第7回 シンガポールとマレーシアを跨いだ茶荘達

2021-03-10 09:23:05

文・写真=須賀努

  先日ある若い人に「昔はシンガポールとマレーシアは一つの国だったんだよ」と言ったら、驚かれてしまい、こちらが驚いた。東南アジアの歴史というのは、一般日本人にはそれほどに知られていないことを痛感する。

 

  前回紹介してきた林金泰も1924年にクアラルンプールに店を構え、翌年シンガポールに本店を作っているが、それは同じ国の中のことだったのだ。今回マレーシアで老舗茶荘探しをしている中、元々はシンガポールに店があり、その後マレーシアにも店を出し、今はマレーシアだけが残っている茶荘がいくつかあった。今回はそんな茶荘を紹介してみよう。

 

マラッカの高銘發茶荘

マレーシアの首都クアラルンプールから高速バスで約2時間。600年以上前から貿易拠点として栄えた古都、マラッカに着く。この街はそれ自体が歴史的建造物で溢れ、ポルトガル風、オランダ風、イギリス風、そして中華風と歩いているだけでも十分に歴史を感じられる。中国でいえば明代に鄭和もここに立ち寄っており、その200年前にシンガポール、ペナンと並んで、英領海峡植民地になっている。

 

マラッカ 高銘發

そのマラッカに老舗茶荘があると聞き、訪ねてみた。高銘發茶荘は中国人街の中にひっそりと店を構えていた。

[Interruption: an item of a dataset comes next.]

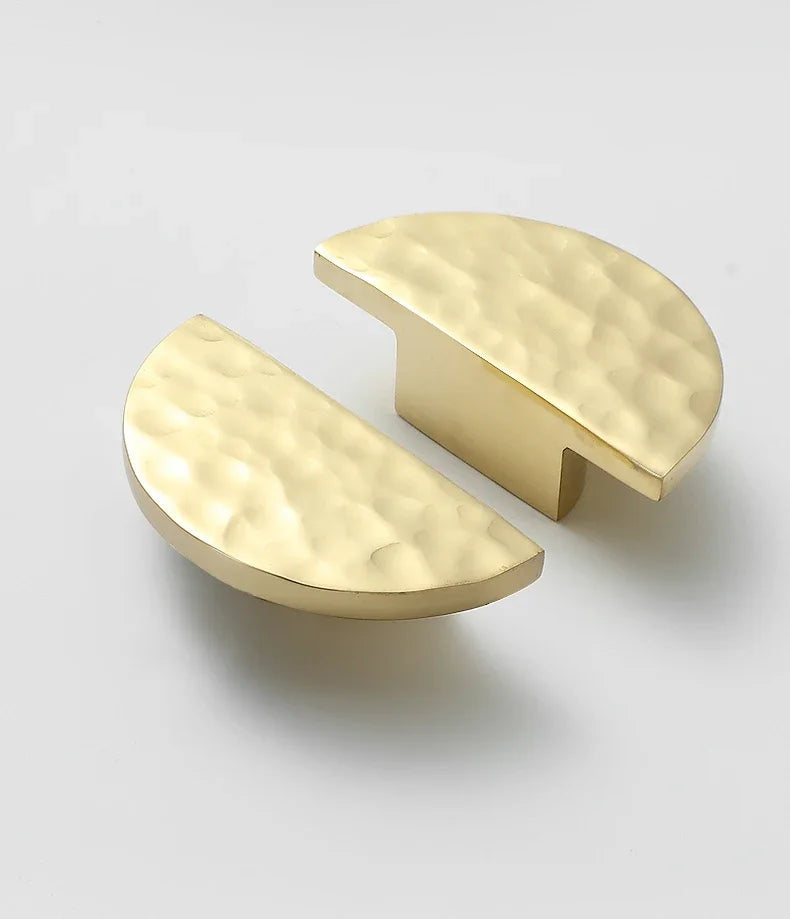 Brass Handle For Cabinet Hammered Golden Polished Gloss Drawer Kitchen Cupboard Furniture Modern Round Knobs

「もうずいぶん長い間、マラッカで中国茶を商っているのはうちだけだよ」と3代目オーナー高培材さんは静かに語る。店の雰囲気も天井が高く、如何にも老舗という感じがする。

 

創業者 高銘壬

高銘發は元々福建安渓虎丘出身の祖父高銘壬が、1905年にシンガポールで最も早く開業した茶荘の1つ。1928年に設立された新嘉坡茶商公会第1回会員名簿を眺めると、高銘發茶行の名前があり、後に理事長も務めている。1930年にこの高銘壬がここマラッカにも店を開き、現在地より5軒先で開業したという。第2次世界大戦後、祖父はシンガポールの店を長男に任せて、三男だった父と一緒にマラッカに完全移住し、晩年を過ごしたので、高培材さんも、子供の頃、お爺さんの周囲には常に友人たちが集い、皆でお茶を飲んでいた風景が蘇るという。

 

高銘發 昔の茶缶

シンガポール店は1960年代には茶業を止めてしまった。その個別事情はわからないが、1972年に源崇美の顔輝宗が書いた文章を読むと「シンガポールの若者はコーラやサイダーを好んで飲み、既に中国茶を飲まなくなった」と書かれている。だがもっと大きな要因は「マレーシアとインドネシアという2大市場への中継茶貿易の機会が失われた」ことだろう。シンガポールの若者だけがコーラを飲むようになったわけでは決してあるまい。

 

1972 顔輝宗の報告書

1960年代のインドネシアにおけるスカルノからスハルトに政権が変わったことによる、華人排斥、中国語禁止などとも無関係ではなく、同時に1965年シンガポールがマレーシアから独立(マレーシアに捨てられた?)したことによる西洋化に起因するともいえる。1960年代を境に、東南アジア各国での中国茶消費には劇的な変化があった。

 

一方マラッカでは1953年に高銘發の登記が正式に行われ、マラッカ唯一の中国茶荘は常に祖父の友人たちが集い、賑わっていた。その後父高水成が受け継ぎ、福建茶を中心に販売を続けた。基本的に自ら茶を輸入することはなく小売りがメインだが、1960年にマレーシアとシンガポールの茶商が結成した岩渓茶行には名を連ねており、高銘壬氏の茶業界での影響力が感じられる。現在は3代目となっているが、残念ながら後継者はなく、今後この店がいつまで続くのかは分からないと寂しげに話す。

 

クランの楊瑞香茶荘

マレーシア最大の港、クラン港。クアラルンプールから電車で1時間半ほどの場所にあり、往時は茶葉を含めて多くの輸入品がここで陸揚げされた。昔は多く中国系苦力が働いており、そこから生まれたのが肉骨茶だと言われている。ただこの肉骨茶(バクテー)、茶をテーと読むことから福建語なのだが、実は茶は入っていない。

 

クラン 肉骨茶

当然ここにも老舗茶荘があるだろうと聞いてみると、一軒の住所をもらい訪ねていく。だがなんとそこは茶商の自宅であり、店は既に無くなっていた。楊瑞香、ここも高銘發同様、安渓人の曽祖父、楊恵がシンガポールで開業、1930年代にクランに支店を出した。新嘉坡茶商公会でも初期は楊恵丕が主要な役割を担っていたが、1947年を最後に名簿から名前が消えており、主戦場を福建人が多く住む、港が近くて便利なクランに移したと考えられる。

 

クラン 楊瑞香の包装

だがその後、中国から入ってくる茶は限られてしまい、徐々にビジネスを中国茶から、マレー系、インド系など誰でも飲める、ミルクティー(テダレ)の原料である紅茶粉の供給に切り替えていったという。そして1990年代には、クランの街中にあった店舗を閉め、現在は茶工場だけが残っている。因みにその店舗があった場所へ今行ってみると、なぜか完全なインド人街になっており、貿易港クランの街のその変化には驚く。同時に華人系勢力の減退も感じられ、マレーシアという国の大きな変化にも思いが至る。